The formal launch event featured two well-regarded speakers—the shul’s newly appointed rav, Rabbi Joshua Hess, who officially starts in August, and the internationally renowned storyteller and Torah educator, Rabbi Pesach Krohn. Rabbi Hess remarked that we read in this week’s parsha, Behaalotcha (10:35): “When the Ark departed, Moshe would say, ‘Rise Hashem and may your enemies disperse and those who hate you flee before you.’” At that time in Jewish history, the ark led the way in the desert and the Jewish people followed it. Now, most commonly, Jews go to the Torah, which resides in shuls.

Rabbi Hess said there is a discussion in halachic sources as to whether or not a Torah can be taken out of a shul for functions outside. While removing a Torah from a shul is not generally condoned, the halacha allows it when it is done to aid the tzibur in serving a communal need or to bring honor to Torah. Both objectives will be served by YIEB’s new Torah, and Rabbi Hess urged everyone to support the campaign to write the new Torah.

Rabbi Krohn started his talk by stating that a Torah is “a bond with the past, and a link with the future. It is a guidepost for our lives and the thread that runs through all of Jewish history.” He shared the story of the rosh yeshiva of the Gateshead Yeshiva in London, who took a walk with a student of the yeshiva in a local park a few decades ago and pointed out a falling leaf. The rosh yeshiva said to the student that the leaf may believe it is now free and can travel unrestrained but it will soon wither, because it is disconnected from its source of sustenance. He continued that we must learn from the leaf and strive to stay connected to our source of sustenance, the Torah, which is described in the pasuk in Mishlei (Proverbs 3:18) as “Etz Chaim he, l’machazikim bah” (“It is a Tree of Life to those who grasp her.”).

Rabbi Krohn cited a Midrash Tanhuma that asks why the Torah starts with the Hebrew letter bais and answers that it symbolizes that Hashem created things in pairs, to tell us that we all need each other and no-one can exist alone. The letter bais reminds us of those pairs. He pointed out that each Torah scroll contains 600,000 letters, to recall the 600,000 Jews who left Egypt. Just as a Torah is not kosher if one letter is missing, so too is the Jewish people not complete if a Jew is disconnected from Jewish life. Just as a Torah is not valid if two letters are touching, so too every Jew stands on his or her own and has a unique contribution to make to the Jewish people.
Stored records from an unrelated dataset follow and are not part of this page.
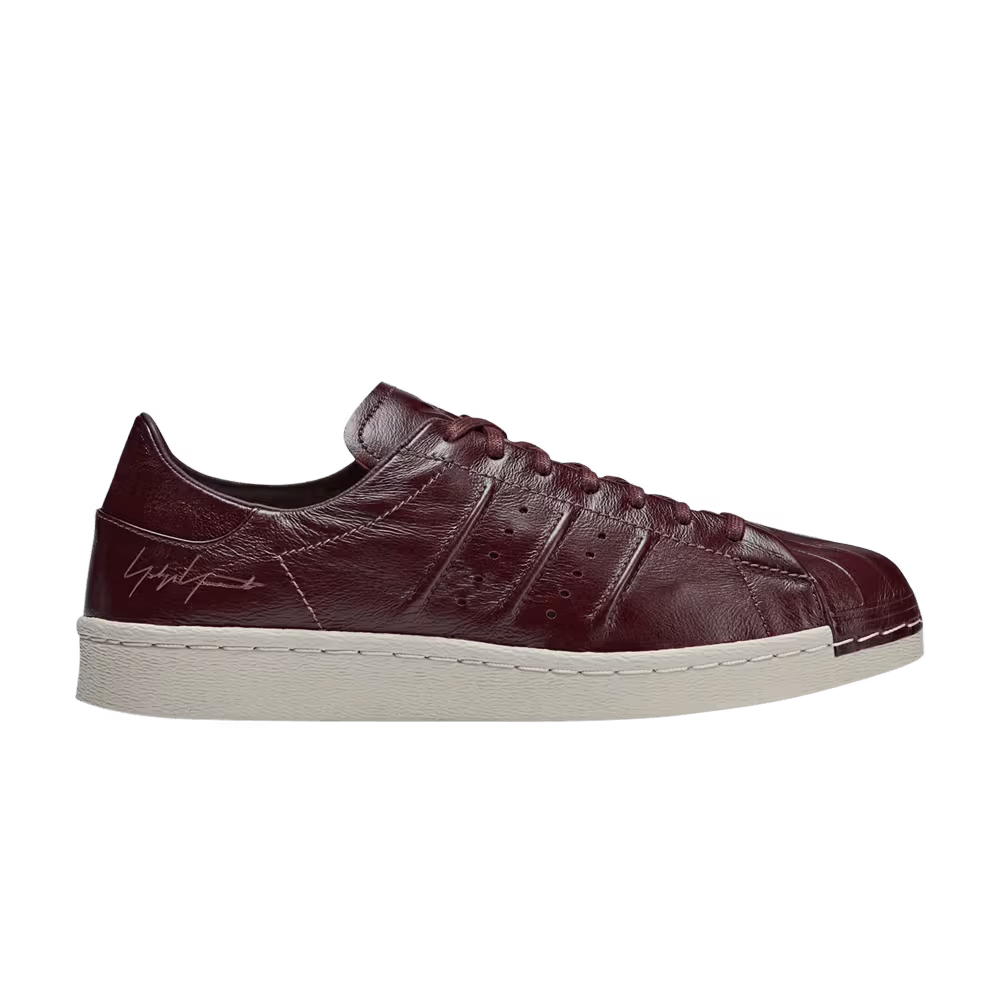 adidas Y-3 Superstar Shadow Red
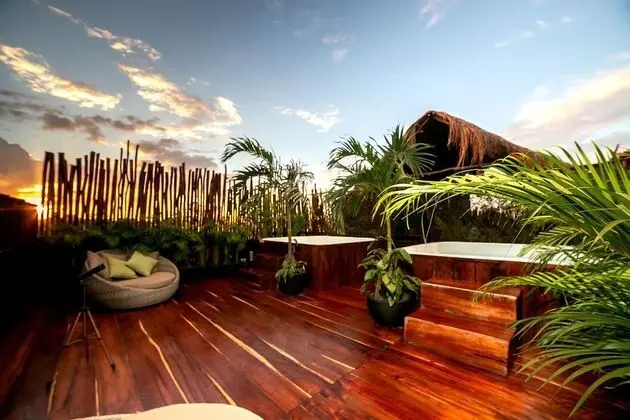 Exclusive Villa, Birden Çok Yatak Odası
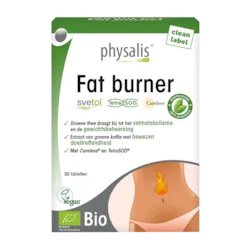 Physalis Fat Burner Bio (30 Tabletten)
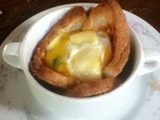 telur mangkok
And just as there are no one letter words in the Torah, so too must we recognize that each Jew needs others to succeed.

“This was an inspiring morning, with words of Torah and inspiration from our incoming rabbi, Rabbi Hess, and from Rabbi Krohn,” said YIEB member Dr. Ethan Wasserman. “It’s a wonderful way to start getting back to normal after a challenging year, with the writing of a new sefer Torah and an informal introduction of Rabbi Hess to our community.”

“This campaign to dedicate a new sefer Torah is our opening start to returning to a sense of normalcy after this horrific pandemic,” said David Rabinowitz, the incoming president of the shul. “Our goal is to expand on our successes as a shul dedicated to shalom, to peace, to Torah learning, to kindness and honorable behavior. Everyone who wants to move to central New Jersey can be sure that they are coming to a truly caring community dedicated to all its members and to its youth. This campaign reflects those goals.”

The Torah dedication opportunities are priced to encourage broad participation at all levels. Dedicating the Sefer or Mantel costs $5000 each, special sections of note such as Az Yashir, Birchat Kohanim, Hamalach HaGoel, Shema and others (15 total) cost $720 each, A Perek costs $500, an Aliyah costs $360, a Pasuk costs $180, a word costs $72 and a children’s letter costs $36. YIEB looks forward to holding the hachnasat sefer Torah event in early October, after the chagim.